Auto Hardware Adaptation

This section presents the strategy implemented in Khiops for adapting the algorithms to the available hardware resources. Please note that this feature requires the use of Khiops dictionaries.

General principles

Key idea #1: Divide and conquer

Khiops divides the data into a more or less fine-grained grid of files, depending on the learning task at hand and the available hardware resources.

As shown in the following figure, the successive steps of the Auto ML pipeline are algorithms which process either rows or columns of the root table. For example, optimal encoding is a column-based algorithm, since each discretization or grouping model can be learned independently from each variable (or aggregate). On the other hand, once the pipeline is executed, making predictions is a row-based algorithm, since each example can be scored independently.

The goal is to ensure the proper execution of these algorithms, whatever

the size of the processed data;
the amount of available hardware resources.

To do this, Khiops slices the data into a grid of files, each file representing a cell of the grid. Then, these files are grouped into slices, either horizontally for row-based algorithms, or vertically for column-based algorithms.

Key idea #2

A smart strategy adapts the grid size to each situation.

As shown in the following figure, a finer division of the file grid can be decided for two reasons:

either due to a lack of RAM, with the goal of loading slices in turn into memory and processing them sequentially.
or due to the availability of numerous CPUs, in order to distribute the processing over the cores of a single computer, or over the workers of a computer cluster (using Message Passing Interface (MPI)).

In practice, this strategy is coded in the following way. At each step of the Auto ML pipeline, the successive algorithms collect more and more precise statistics about the data, and the learning task at hand (the size of the encoding models, the selected variables ...). This information allows each algorithm to estimate its own needs in hardware resources (CPU and RAM), in the worst case and in the best case. The adaptation strategy maps the available resources to the needs of each algorithm and adapts the size of the file grid to each situation. For example, in a non-intuitive way, one should not use too many CPUs to process a small dataset, it is not optimal in terms of computation time. Thus, you are guaranteed that the Auto ML pipeline completes its execution correctly, whatever the hardware resources.

Let's run an experiment!

For this experiment, we use the Zeta dataset from the Large Scale Learning Challenge , which contains \(500,000\) training examples and \(2000\) numerical explicative variables. This is a binary classification problem. This data file takes up 9.3 GB on the hard disk, and this run was carried out on a Intel Xeon Gold 6150 CPU 2.70 Ghz. The experiment consists in training a classifier (steps B + C of the pipeline) and evaluating it, by varying the number of cores and the amount of RAM available. 70% of the examples are used for training and 30% for testing.

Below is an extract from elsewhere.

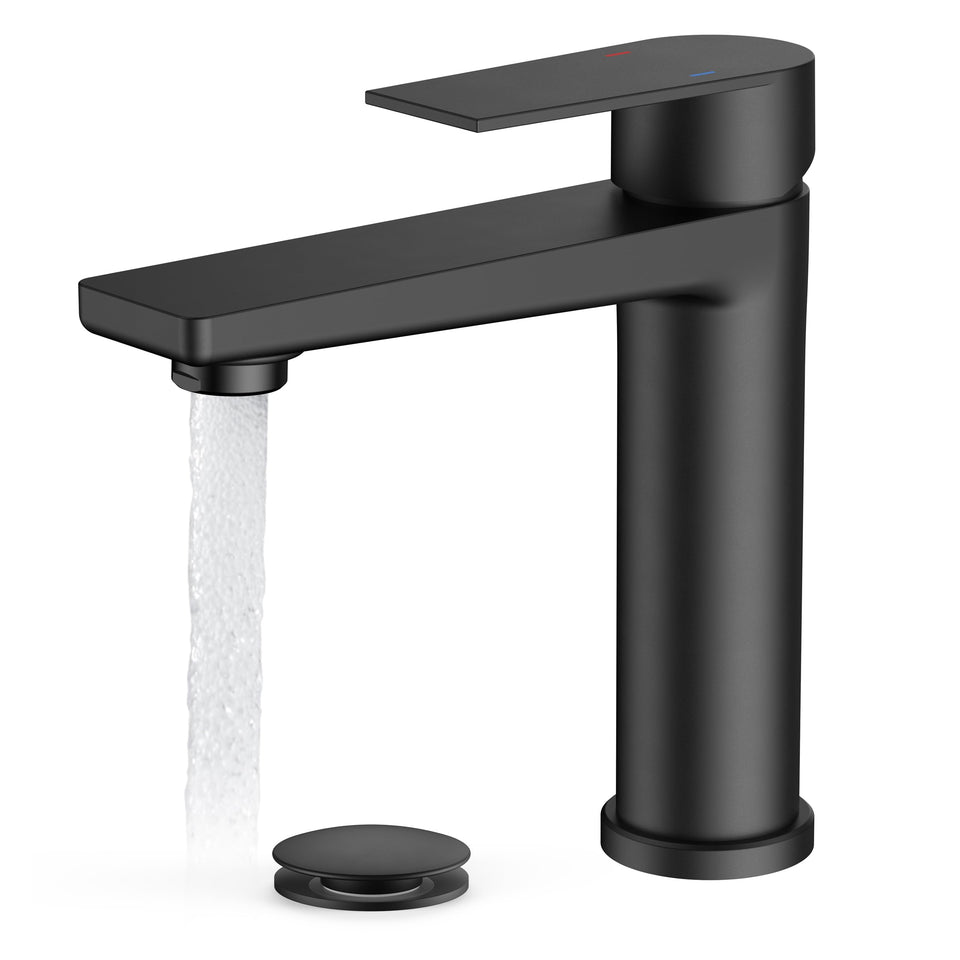 FORIOUS black bathroom faucet 1-hole — sleek space-saving single-lever design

The following figure plots the execution time in minutes, as the number of cores and the amount of RAM increase together. This figure shows that there is a smooth transition from out-of-core to distributed computing, demonstrating the efficiency of the adaptation strategy to the available hardware resources. This is made possible by thorough I/O optimization. Finally, you won't be penalized significantly if your hardware is undersized for the task at hand. Probably not enough to justify a new investment 😉.

bench_hardware_short

This second more detailed figure shows execution time as a function of the number of cores (horizontal axis) and the amount of RAM available (vertical axis). Out-of-core calculations are represented by the orange rectangle, and once again the transition is smooth on both axes. The red rectangle represents extreme situations where there isn't enough RAM for processing. In this case, Khiops gives an indication of the minimal amount of RAM required to run the process, and above all does not run a long process that will not be completed.

bench_hardware_full

Conclusion

Finally, the computation time is the adjustment variable guaranteeing the proper execution of the algorithms in all situations. In practice, this adaptation strategy allows significant savings: (i) by avoiding investment in additional hardware resources, (ii) by saving engineering time aimed at adapting the code and scaling the training data to the available hardware resources.